*** Opening Recorded information ***

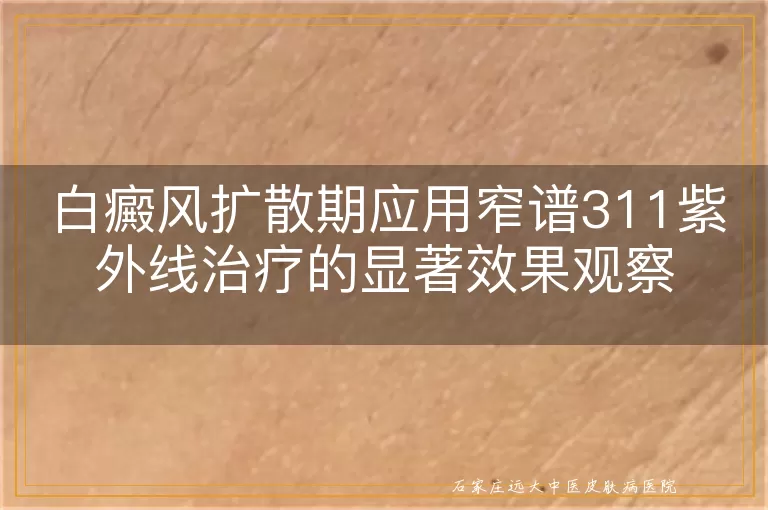 白癜风扩散期应用窄谱311紫外线治疗的显著效果观察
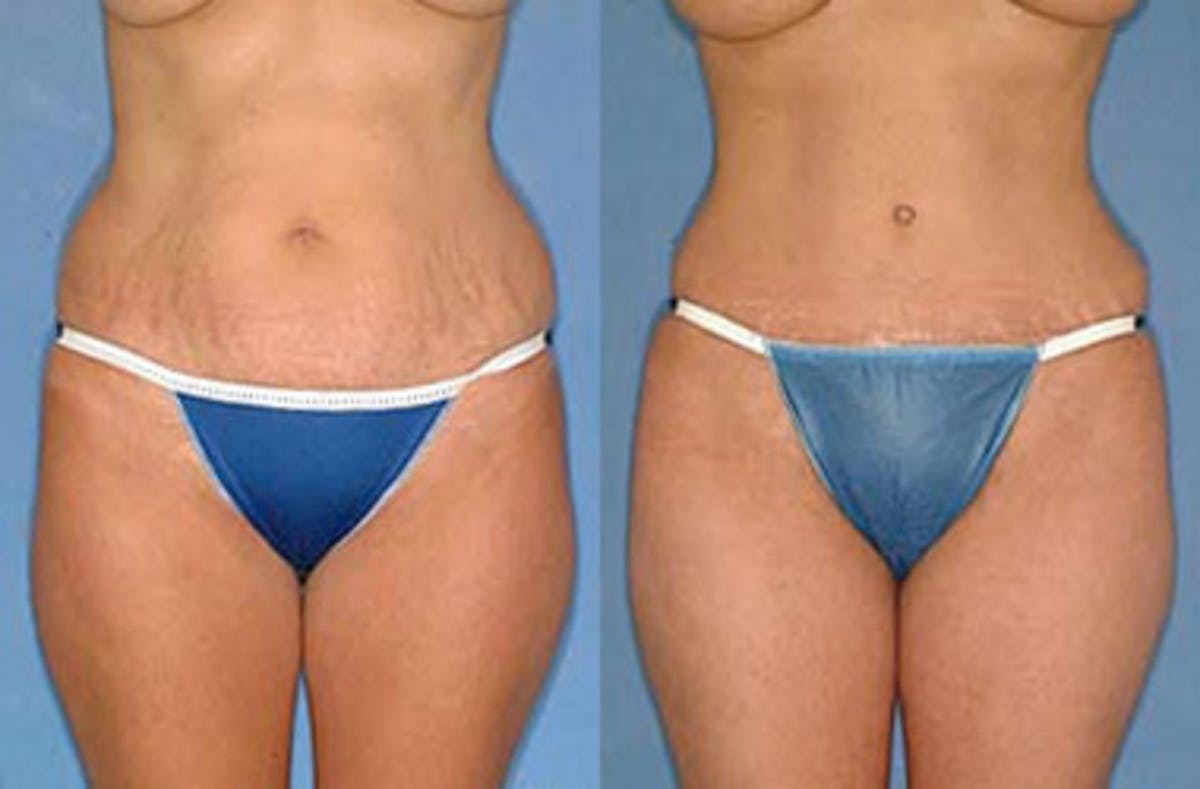 Tummy Tuck Before & After Gallery - Patient 631599 - Image 1
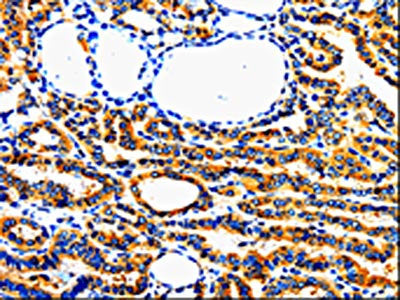 The image on the left is immunohistochemistry of paraffin-embedded Human thyroid cancer tissue using CSB-PA289421(AIMP2 Antibody) at dilution 1/50, on the right is treated with fusion protein. (Original magnification: ×200)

*** Closing Recorded information ***

*Exercise directions*.
Write out the whole listing exactly. Do not include the pictures.

*Solved exercise*.
 白癜风扩散期应用窄谱311紫外线治疗的显著效果观察
 Tummy Tuck Before & After Gallery - Patient 631599 - Image 1
 The image on the left is immunohistochemistry of paraffin-embedded Human thyroid cancer tissue using CSB-PA289421(AIMP2 Antibody) at dilution 1/50, on the right is treated with fusion protein. (Original magnification: ×200)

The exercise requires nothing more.